Because 78s are so fragile, the best way to make the content available for research and discovery is to digitize them before packing them away for long term storage.
Many of the discs are digitized for the The Great 78 Project by George Blood, LP. Their processes include handling the physical discs with care, photographing the discs, keying the metadata from the disc, and creating the cleanest possible recordings with four different styli. After digitization, the files are uploaded to archive.org and the discs are carefully packed and transported to the Internet Archive’s physical archive for long term storage and preservation.
Over a 2 year period George Blood’s company has digitized 10,000 78rpm sides for the Library of Congress, Thomas Edison National Historical Park, and New York University. The digitization workflows capture a wide range of metadata, from PREMIS events to technical metadata that conforms to AES-57. Having collected a large quantity of data in a systematic, standards-based form, they have been able to analyze the data. The findings have been presented at the Association for Recorded Sound Collections in 2015, at the Joint Technical Symposium in Singapore in 2016, and are published by Indiana University Press.
Brewster Kahle saw George Blood’s presentation at ARSC. George remembers, “We chatted in the hallway after my presentation. He asked about scaling the work to 100,000 discs. We quickly agreed enormous economies were possible when working at that scale.

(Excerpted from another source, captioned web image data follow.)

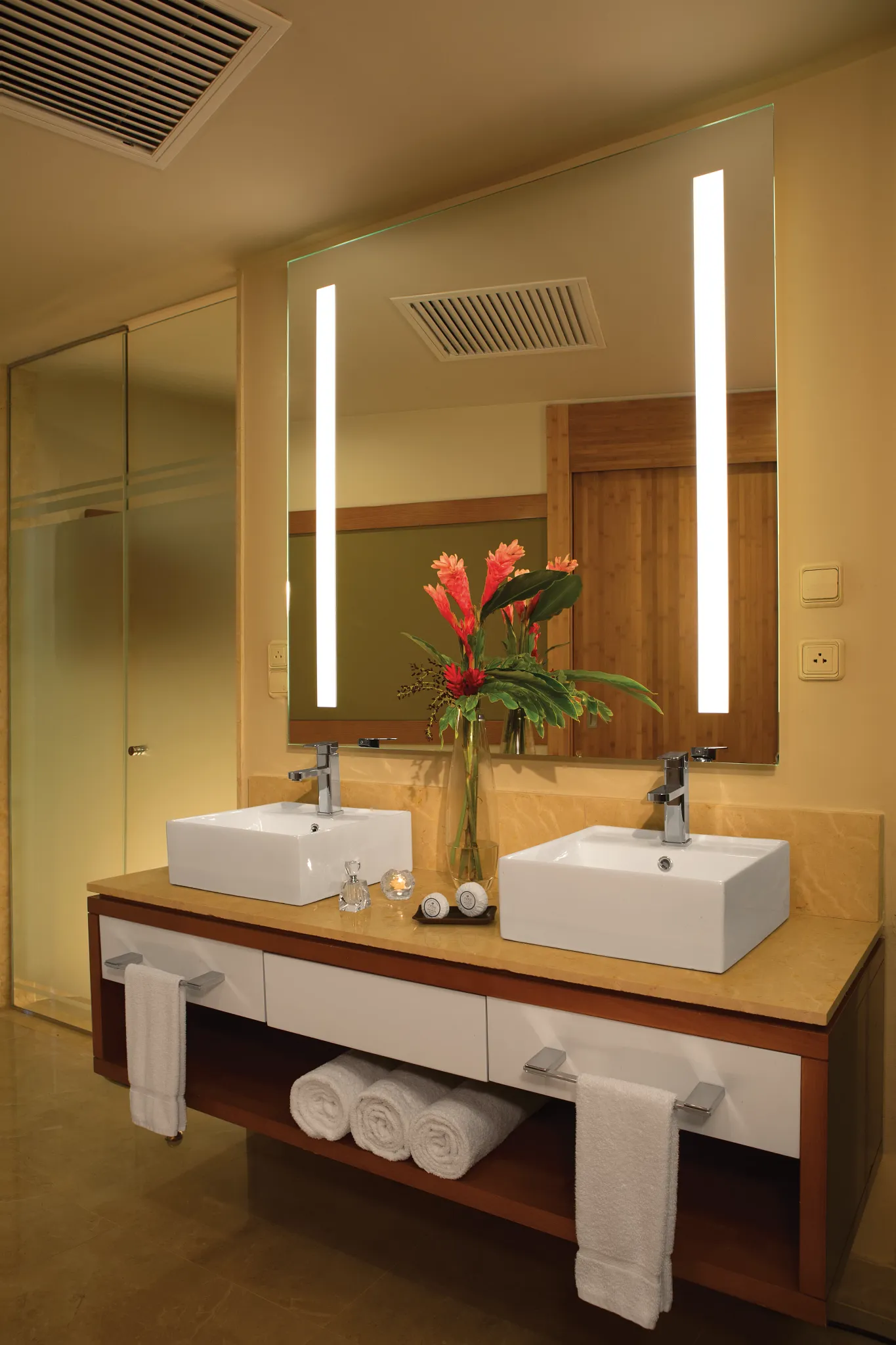 Preferred Club Junior Suite Swim-Up bathroom with double sinks and illuminated mirror at Dreams Onyx Resort & Spa.
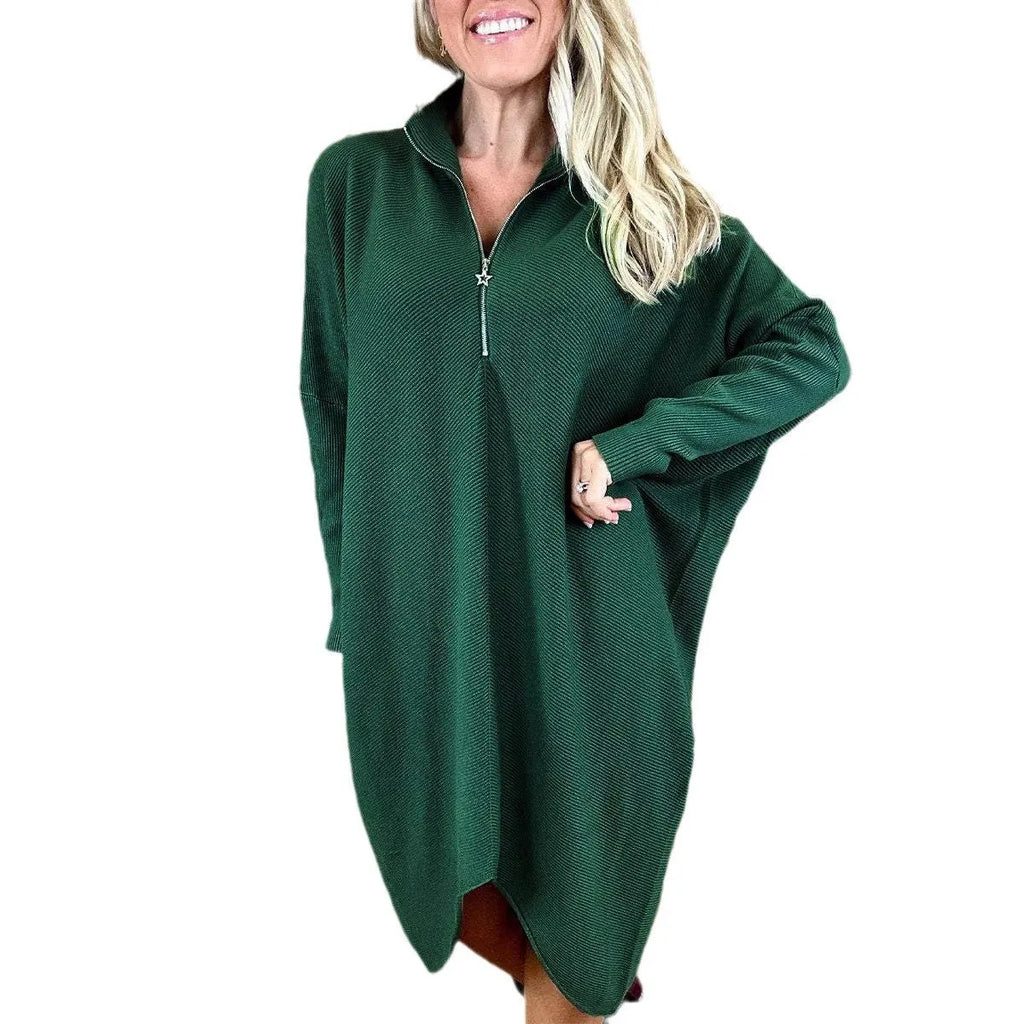 Women's solid colour knitted loose dress with front zip and raglan sleeves.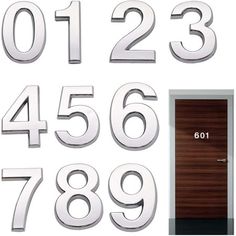 the numbers are cut out and placed next to each other on a white background with wood door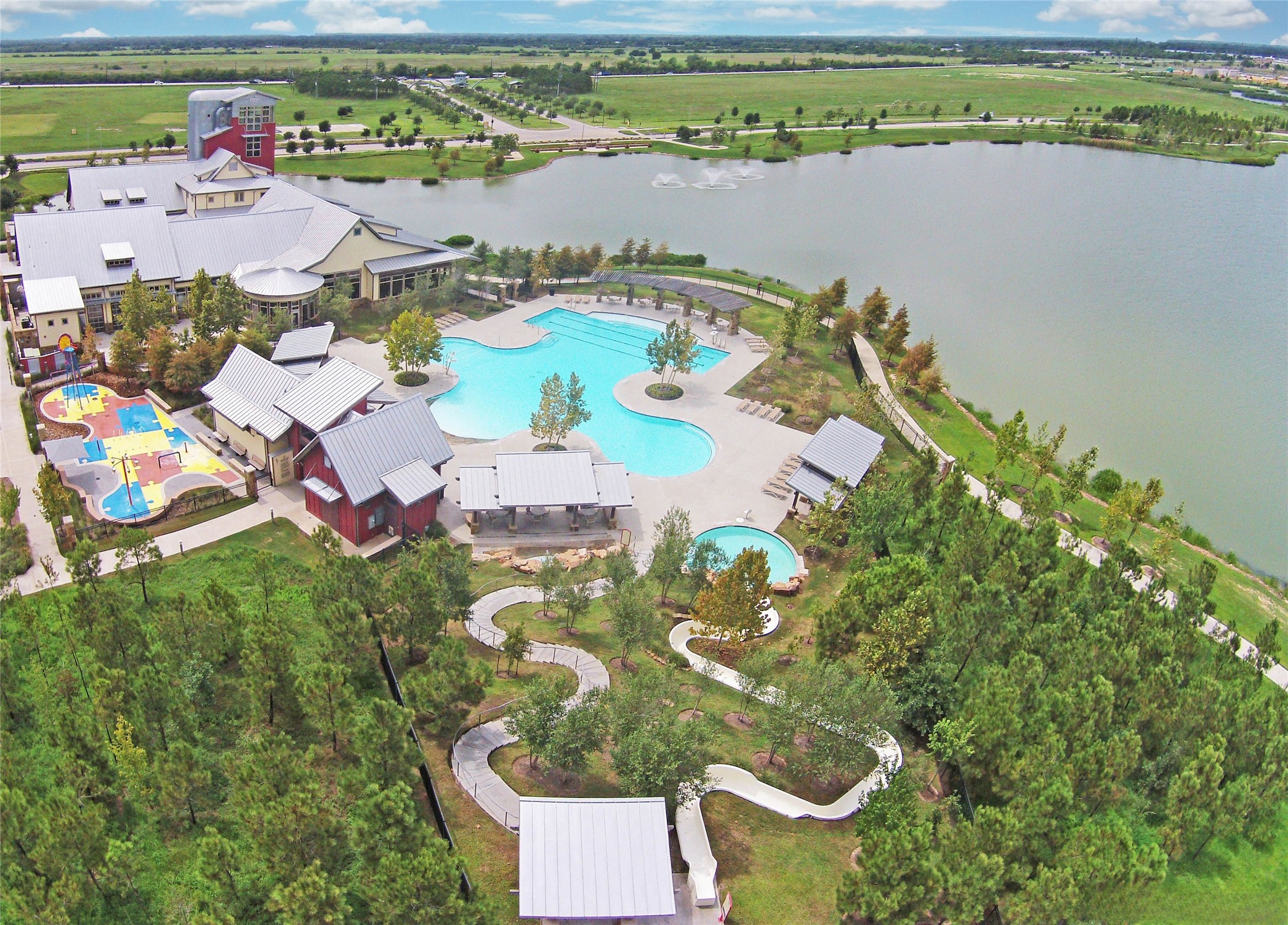28706 Casen Ranch Lane Fulshear, TX 77441 - Photo 28 of 31 Adventure Island at Cross Creek Ranch offers residents a resort-style escape featuring a spacious lagoon pool, interactive splash areas for kids, shaded seating, and scenic views of the surrounding lakes and trails—creating a vibrant outdoor gathering place designed for relaxation, recreation, and year-round family fun.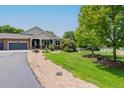 Beautifully landscaped front yard with mature trees and gravel accents leading up to a well-maintained home at 7126 E 162Nd Ct, Brighton, CO 80602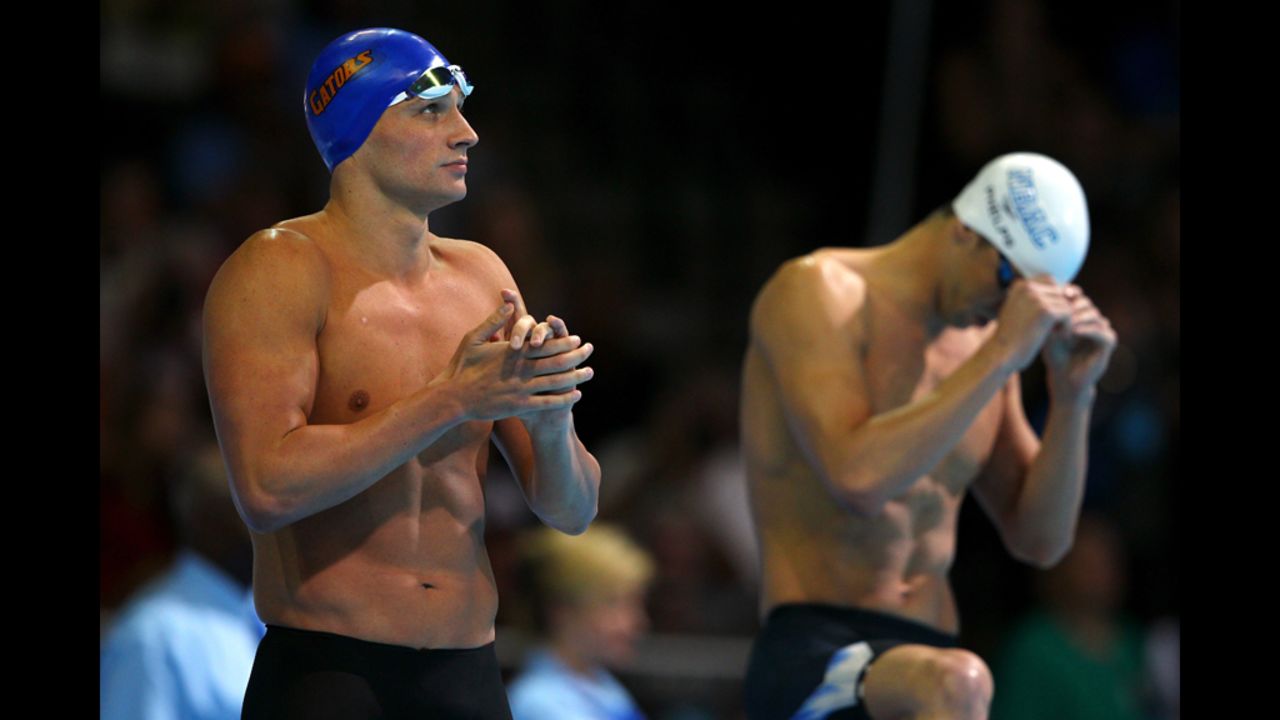 Ryan Lochte, left, and Michael Phelps prepare to swim in the championship final of the Men's 200-meter Backstroke during Day Six of the 2012 U.S. Olympic Swimming Team Trials.
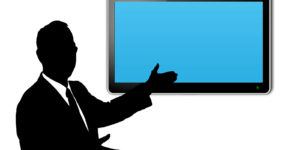 A person presenting in front of a large blue screen.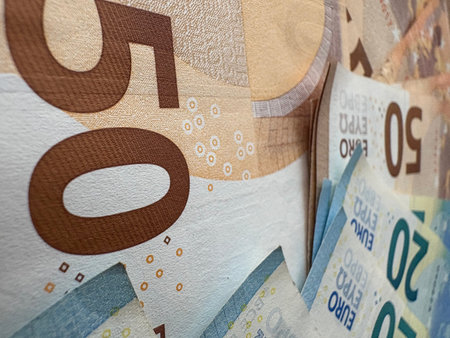Euro banknotes laid out on a table. Close up of banknotes equivalent to 50 and 20 euros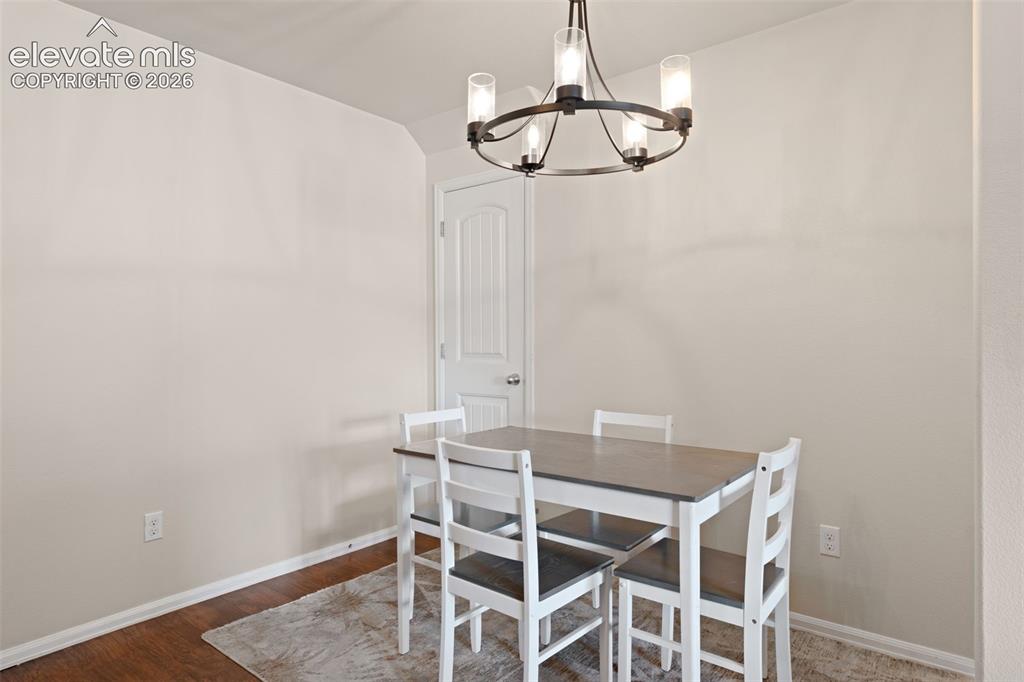 Image 13 of 32: Neutral wall paint, wood-finish flooring, and a six-panel door
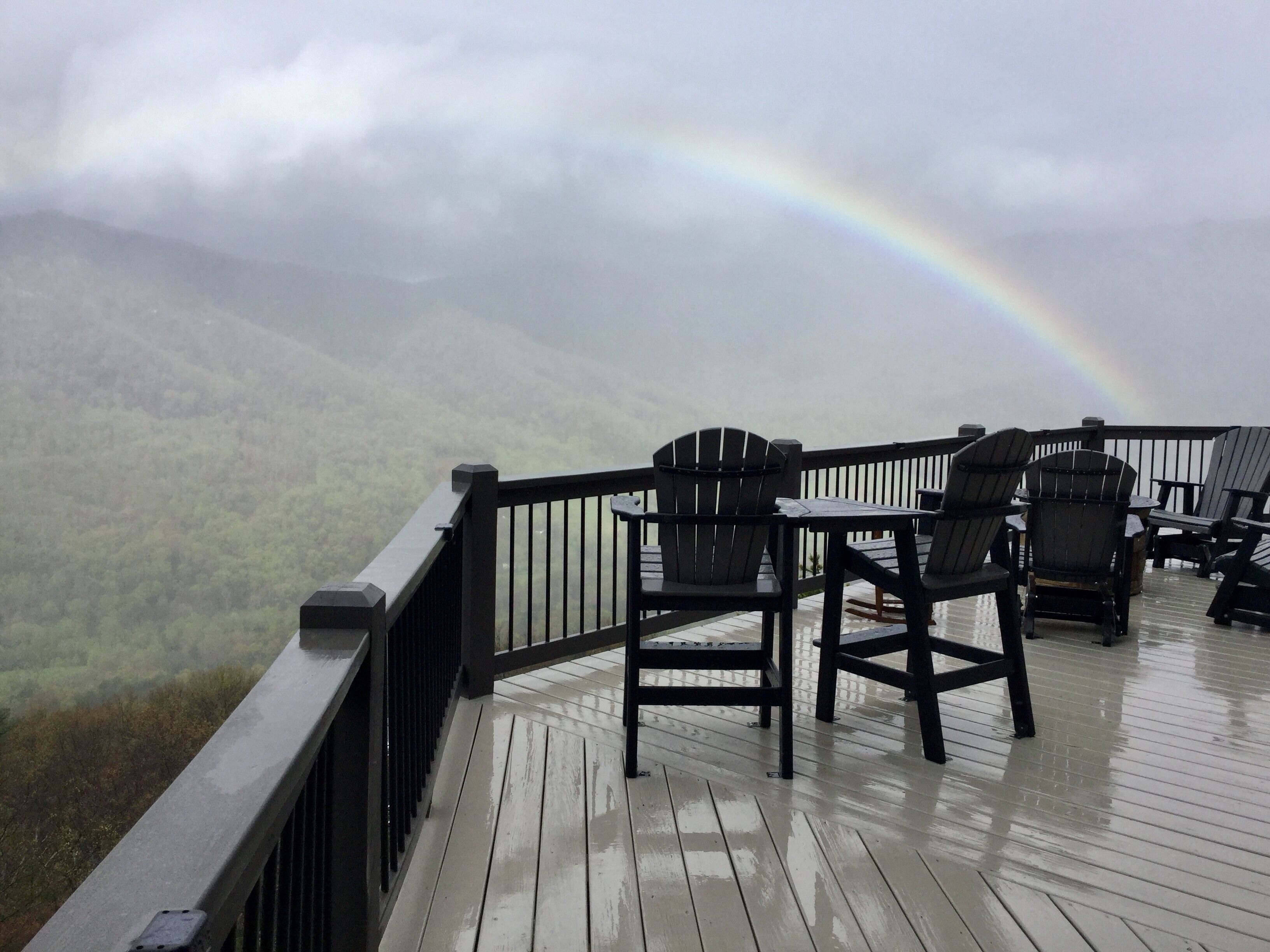 Una terraza con sillas Adirondack con vistas a un valle boscoso y un arcoíris.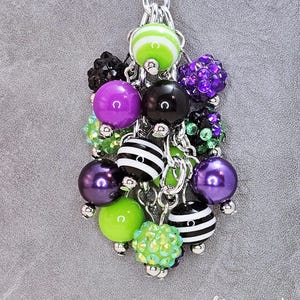 May include: A cluster of colorful beads in various shapes and sizes, including striped, solid, and crystal-covered beads. The color palette includes green, purple, black, and white, all connected by silver chains and a keyring. The text "lillypad Park" is visible.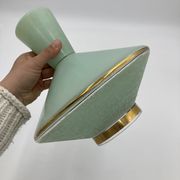 Green and gold saucer suspension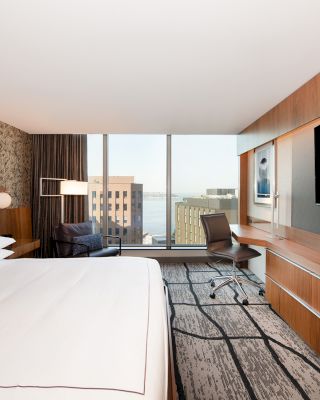 A modern hotel room features a large bed, a wall-mounted TV, a desk with a chair, and a window with a city view and water in the distance.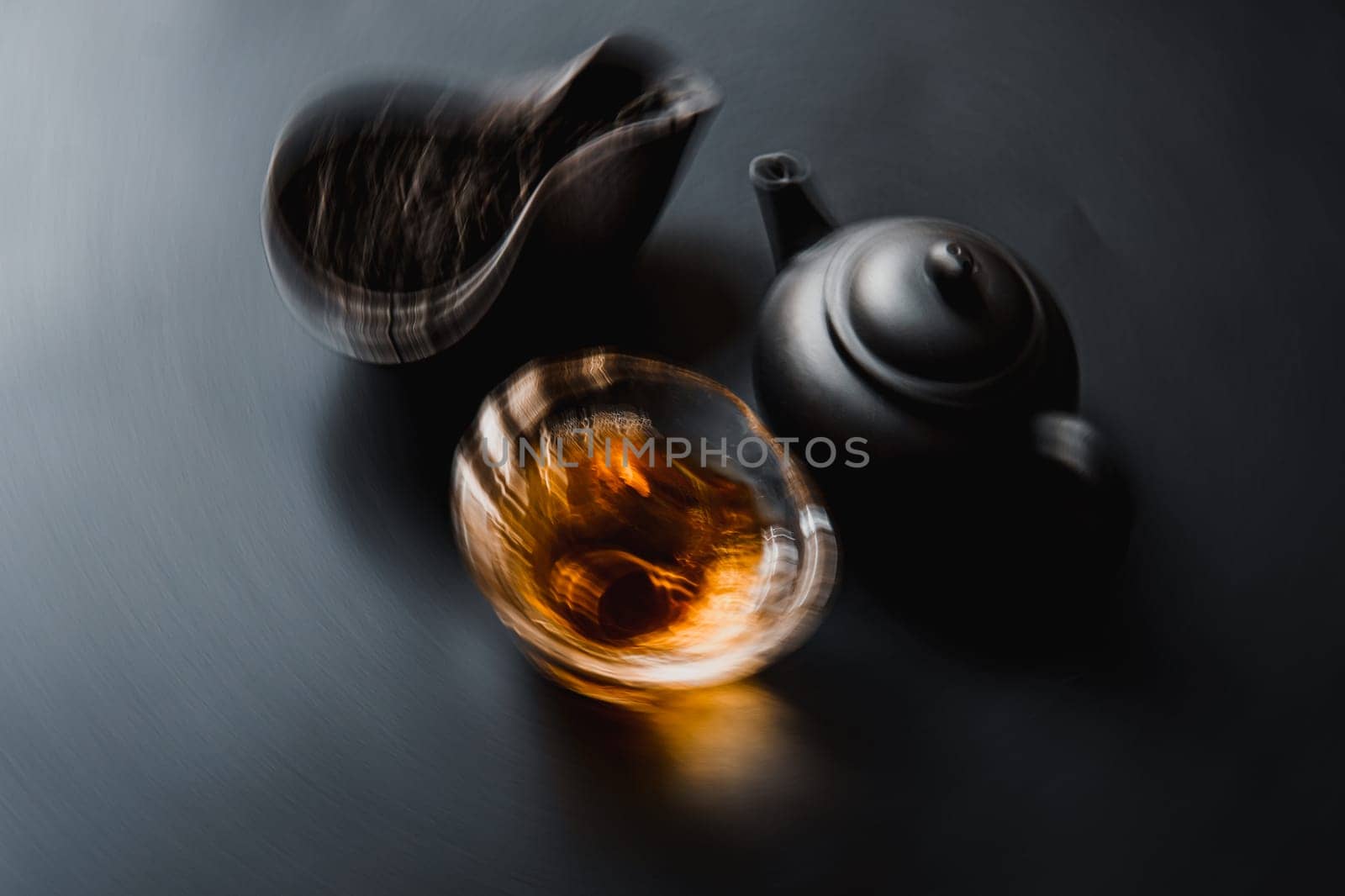A serene moment featuring brewed tea, an elegant teapot, and fresh leaves, embodying tranquility and calmness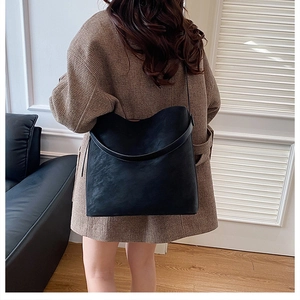 Close-up of a black matte tote bag showing the texture and strap in a modern home setting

Thus was born the Great 78 Project.”
The first requirement was to maintain the quality standards George Blood had delivered to the demanding specifications of the institutions they already serviced: 400ppi TIFF images with 4 FADGI stars, 96kHz/24bit digitization following established best practices in audiovisual preservation as established by International Association of Sound and Audiovisual Archives (IASA) TC-03 and -04. (Full disclosure – George serves on the IASA Technical Committee).
One solution to digitize 400,000 78s in 24 months would be to do it the same way George Blood has been doing it, but just buy more equipment and hire more people. This is a bad solution. Over 250 years ago Adam Smith in The Wealth of Nations wrote that by dividing production in many small steps each worker would be more efficient. The worker would gain greater depth of expertise in their step, which would yield higher quality and fewer errors. This idea doesn’t work with 1,000 discs because there isn’t enough time for each person to develop the requisite skills. At 100,000 or more it works very well.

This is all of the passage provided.